** What the task requires **
Everything in the data that follows should be given again verbatim, except the images.

** Source data **

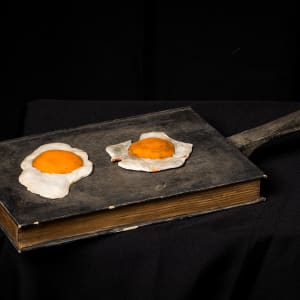 Untitled (Book with Frying Pan and Eggs) by Barton Benes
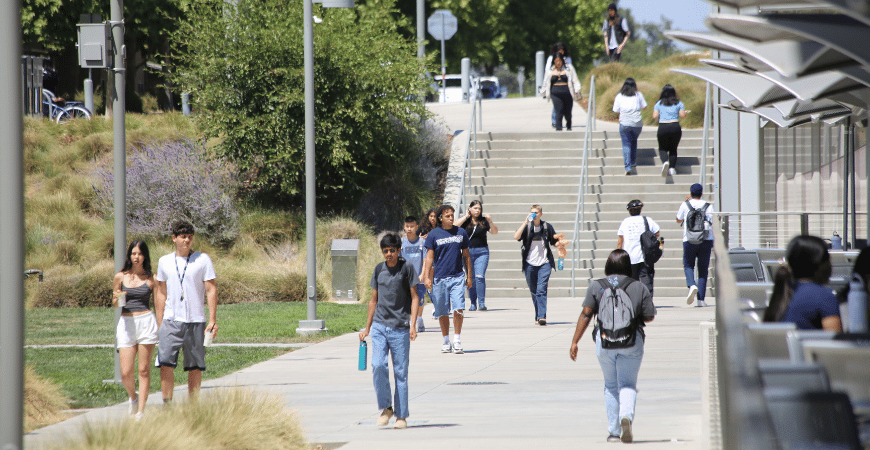 Students walk along a path in front of a staircase near The Pavilion on a sunny day at UC Merced.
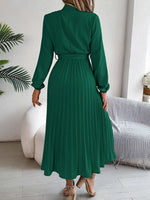 Green dress worn by a person in a room with a white wall and a plant.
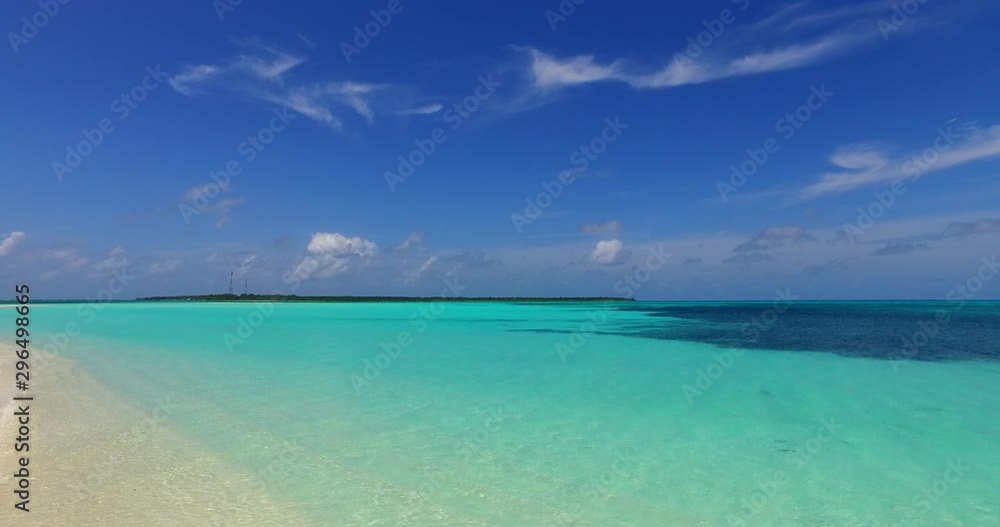 Vivid clear teal water flows across the frame onto a clean tan beach in the Caribbean Vivid clear teal water flows across the frame onto a clean tan beach in the Caribbean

** Output of the task **
 Untitled (Book with Frying Pan and Eggs) by Barton Benes
 Students walk along a path in front of a staircase near The Pavilion on a sunny day at UC Merced.
 Green dress worn by a person in a room with a white wall and a plant.
 Vivid clear teal water flows across the frame onto a clean tan beach in the Caribbean Vivid clear teal water flows across the frame onto a clean tan beach in the Caribbean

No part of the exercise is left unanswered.